◆ Task description ◆
Your job with the data below: print everything from the line that holds "Rule 34 | 1boy, arisa" down to the line that holds "Two Blue and", ends included, exactly, and nothing else.

◆ The data ◆

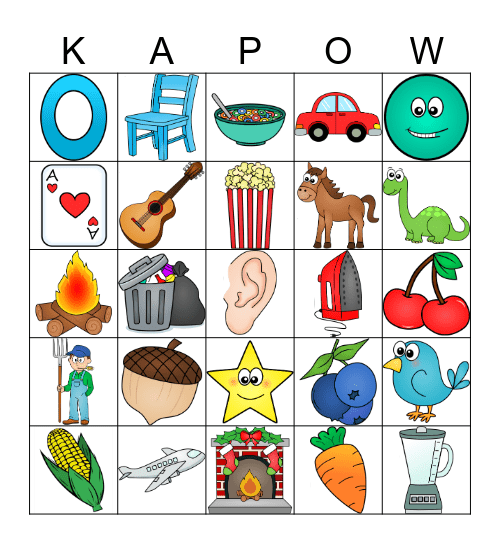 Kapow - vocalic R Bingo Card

==

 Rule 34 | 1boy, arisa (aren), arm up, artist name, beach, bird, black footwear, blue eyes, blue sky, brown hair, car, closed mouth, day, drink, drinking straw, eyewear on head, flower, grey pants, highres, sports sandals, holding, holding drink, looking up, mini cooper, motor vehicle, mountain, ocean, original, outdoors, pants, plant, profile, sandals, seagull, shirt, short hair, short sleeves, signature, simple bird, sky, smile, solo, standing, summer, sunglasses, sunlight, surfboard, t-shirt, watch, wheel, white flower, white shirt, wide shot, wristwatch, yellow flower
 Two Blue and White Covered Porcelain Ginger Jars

◆ Solution for this problem ◆
 Rule 34 | 1boy, arisa (aren), arm up, artist name, beach, bird, black footwear, blue eyes, blue sky, brown hair, car, closed mouth, day, drink, drinking straw, eyewear on head, flower, grey pants, highres, sports sandals, holding, holding drink, looking up, mini cooper, motor vehicle, mountain, ocean, original, outdoors, pants, plant, profile, sandals, seagull, shirt, short hair, short sleeves, signature, simple bird, sky, smile, solo, standing, summer, sunglasses, sunlight, surfboard, t-shirt, watch, wheel, white flower, white shirt, wide shot, wristwatch, yellow flower
 Two Blue and White Covered Porcelain Ginger Jars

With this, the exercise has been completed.